Une imposture qui peut coûter au contribuable
Qui achète du Pneumatit ? Parmi les constructions françaises où le produit a été utilisé, on retrouve des chantiers privés comme des caves à vins ou des maisons. Cependant, le produit qui peut faire sourire par son absurdité devient tout de suite moins drôle quand il a été acheté par de l’argent public. Le problème viendrait des éoliennes : il y a plusieurs chantiers qui auraient recouru au Pneumatit surtout pour le socle en béton de l’appareil, principalement en Bretagne et dans l’Est. On peut citer notamment Voulpaix qui aurait utilisé du Pneumatit pour 644 m³ de béton, mais aussi Grand-Champ qui en aurait utilisé pour 873 m³ de béton ou encore Cheniers et ses 368 m³. Plusieurs autres chantiers auraient utilisé du Pneumatit en France pour des volumes de béton tournant aux alentours des 160 m³. Cependant, un des plus importants est sans doute le chantier de construction éolien de Chenu avec ses 1152 m³ de béton au Pneumatit. Si l’on en croit les tarifs de l’entreprise et que l’on fait un calcul litre d’adjuvant au mètre cube, c’est donc entre 20 000 et 30 000 euros qui auraient été dépensés en adjuvant à Chenu. Le milieu de l’éolien est en grande partie payé à l’aide de subventions. La question du bien fondé de ces dépenses d’argent public peut donc se poser.
Comment cet achat ubuesque a‑t-il été rendu possible ?

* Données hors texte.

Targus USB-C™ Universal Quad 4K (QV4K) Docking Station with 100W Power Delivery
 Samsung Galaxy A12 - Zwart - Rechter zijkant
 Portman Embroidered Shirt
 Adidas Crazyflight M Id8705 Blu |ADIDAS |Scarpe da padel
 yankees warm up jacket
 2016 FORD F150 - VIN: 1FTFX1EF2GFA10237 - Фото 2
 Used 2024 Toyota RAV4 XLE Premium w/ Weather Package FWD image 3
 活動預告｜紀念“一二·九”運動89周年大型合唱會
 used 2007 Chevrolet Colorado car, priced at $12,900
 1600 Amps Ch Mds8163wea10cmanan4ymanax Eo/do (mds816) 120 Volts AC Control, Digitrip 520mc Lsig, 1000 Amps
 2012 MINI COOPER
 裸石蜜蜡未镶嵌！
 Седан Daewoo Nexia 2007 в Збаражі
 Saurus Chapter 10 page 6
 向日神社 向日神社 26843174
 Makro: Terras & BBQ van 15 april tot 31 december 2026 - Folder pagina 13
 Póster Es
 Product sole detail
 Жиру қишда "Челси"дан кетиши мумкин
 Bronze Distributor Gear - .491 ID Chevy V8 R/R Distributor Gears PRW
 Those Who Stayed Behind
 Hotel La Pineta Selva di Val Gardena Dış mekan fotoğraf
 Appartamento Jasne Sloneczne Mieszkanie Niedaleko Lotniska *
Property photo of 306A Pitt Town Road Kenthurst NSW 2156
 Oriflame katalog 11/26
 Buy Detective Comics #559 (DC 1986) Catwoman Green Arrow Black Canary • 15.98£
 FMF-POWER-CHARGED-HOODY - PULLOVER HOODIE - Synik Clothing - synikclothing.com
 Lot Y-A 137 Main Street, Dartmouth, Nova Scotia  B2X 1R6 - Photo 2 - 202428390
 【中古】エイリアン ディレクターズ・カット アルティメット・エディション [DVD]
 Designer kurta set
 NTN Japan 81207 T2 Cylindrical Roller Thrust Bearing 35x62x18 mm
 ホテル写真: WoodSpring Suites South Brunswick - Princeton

L’achat de Pneumatit est dû aux géobiologues. Ce terme a une portée scientifique, mais il possède un homonyme qui entretient la confusion, puisque celui-ci est une pseudoscience dérivée de la radiesthésie. Un des ingénieurs en éolien interrogé par le créateur de contenu « G milgram » qui a été le premier à alerter sur le sujet affirme que ce sont ces géobiologues embauchés comme des experts indépendants qui préconisent l’utilisation de Pneumatit. Le problème, c’est qu’ils font partie d’une liste de spécialistes recommandée par la Chambre d’agriculture et qu’ils ont été rendus obligatoires dans certaines régions par arrêté préfectoral. C’est-à-dire que pour avoir un permis de construire, il faut maintenant missionner un de ces soi-disant experts et essayer de suivre ses préconisations. Pour résumer, en plus de coûter au contribuable, cette histoire de béton magique montre que l’État, sans le vouloir, encourage la propagation d’un discours pseudo-scientifique dans certains domaines et donne une aura de légitimité à des individus qui ne sont en rien des scientifiques. Cela participe d’autant plus à l’ancrage des croyances « new age » qui ont vu leurs nombres d’adhérents grossir suite au COVID-19. La science n’a donc pas fini de souffrir.